Find the line below with "So now we're" and the line with "Hello ladies and". Output them and the lines between, exactly, but not the pictures.

* **Recorded information**
[Start of section]

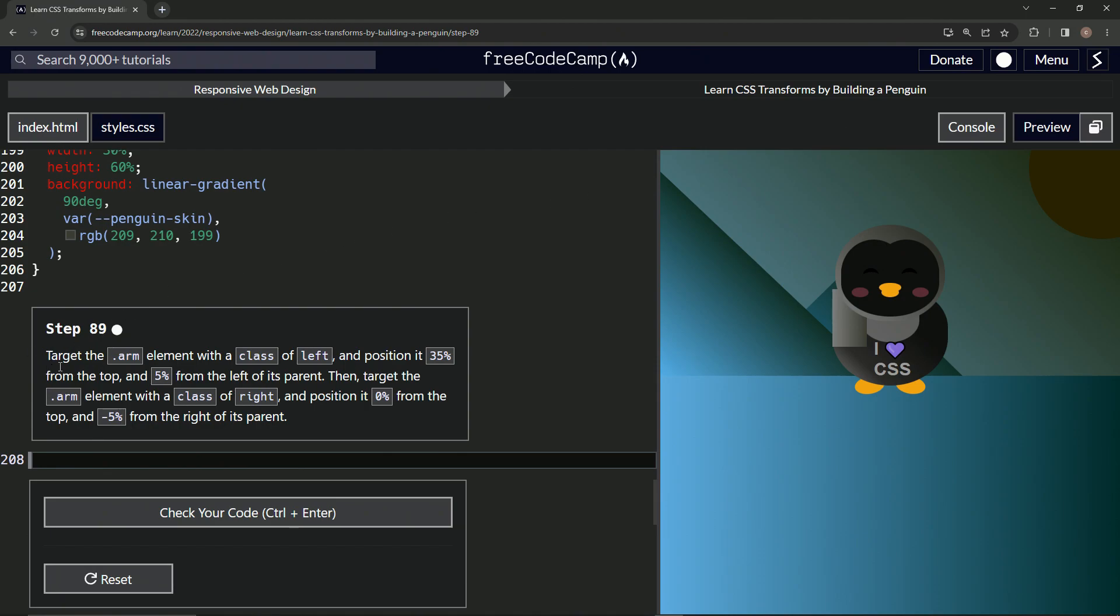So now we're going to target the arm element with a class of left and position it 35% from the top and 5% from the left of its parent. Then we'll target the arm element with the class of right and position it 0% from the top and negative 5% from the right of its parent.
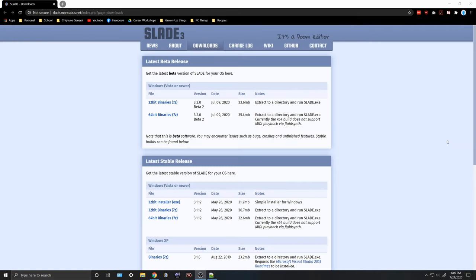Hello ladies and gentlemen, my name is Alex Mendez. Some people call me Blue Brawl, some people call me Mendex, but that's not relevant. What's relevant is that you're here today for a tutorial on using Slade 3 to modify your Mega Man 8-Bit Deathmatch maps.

[End of section]
[Start of section]

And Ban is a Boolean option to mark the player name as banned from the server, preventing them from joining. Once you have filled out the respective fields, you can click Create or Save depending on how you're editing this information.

[End of section]

* **Finished exercise**
So now we're going to target the arm element with a class of left and position it 35% from the top and 5% from the left of its parent. Then we'll target the arm element with the class of right and position it 0% from the top and negative 5% from the right of its parent.
Hello ladies and gentlemen, my name is Alex Mendez. Some people call me Blue Brawl, some people call me Mendex, but that's not relevant. What's relevant is that you're here today for a tutorial on using Slade 3 to modify your Mega Man 8-Bit Deathmatch maps.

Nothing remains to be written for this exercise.